Elasticsearch semantic_text search

Hi,

I'm starting to learn Elasticsearch because I have specific requirement and Im trying to do proof of concept where someone can semantically search document contents (pdf , docx ...etc.).

I have used the FSCrawler to help with reading the file while assigning the following mapping to the created index:

client.indices.create(index="first_index",mappings=
  {
    "dynamic": "true",
    "properties": {
       "semantic_text_field": {
                "type": "semantic_text",
                 "inference_id": "my-elser-endpoint"
              }
	}
  }
)

I have configured the embedding end point as the following:

client.inference.put(inference_id="my-elser-endpoint",task_type="sparse_embedding",inference_config={
    "service": "elser",
  "service_settings": {
    "num_allocations": 1,
    "num_threads": 1
  }
})

Then I used and ingest pipeline to assign my semantic_text_field from the FSCrawler content field:

client.ingest.put_pipeline(id="ml_pipeline", processors= [
    {
      "script": {
        "description": "Chunk body_content into sentences by looking for . followed by a space",
        "lang": "painless",
        "source": """
          ctx.semantic_text_field = ctx.content;
          """
      }
    }
    
  ])

After running the FSCrawler and getting the result, I can see that semantic_text_field being assigned the document contents and I can see multiple chunks with embedding being created.

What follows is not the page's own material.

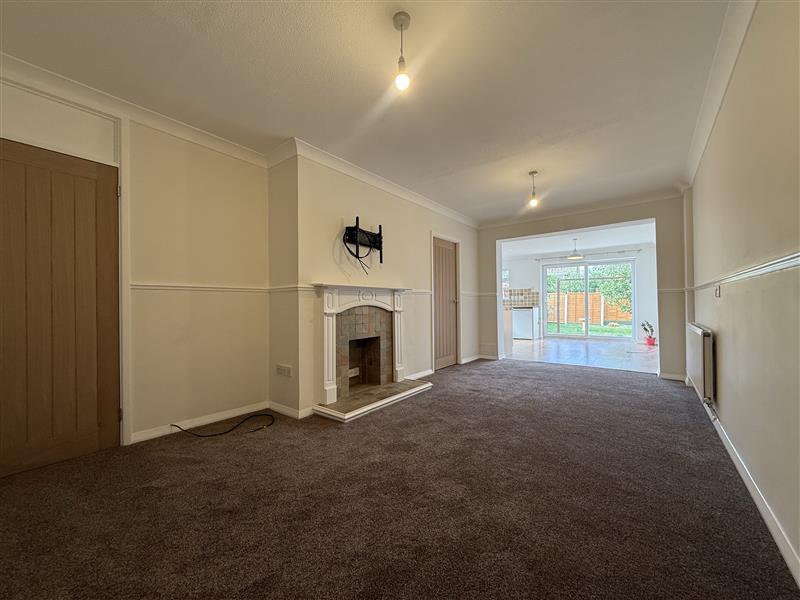 House in Gloucester - View 5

The problem Im having when I submit query as in the following syntax:

resp = client.search(index="first_index",query={
    "semantic": {
      "field": "semantic_text_field",
      "query": "...."
    }
  }
)

I'm getting hits on all the document and not the chunks. I thought the chunks will be index! How can I get hits on particular chunks and not the full document text? Do I need to re index each chunk independently?

I appreciate and help and guidance in this as I spent a lot of time to get to this point
Thanks

Can someone please help me with this?

The other thread implies that you're on 7.x

The semantic_text field type isn't available in 7.x

Thanks for your reply.
I did actually upgrade to the latest version 8.16.
Can you help me with my question please. I made some progress using inner_hit and sparse_vector to isolate the result of the vector field on each chunk, however can it be done on the semantic_text field.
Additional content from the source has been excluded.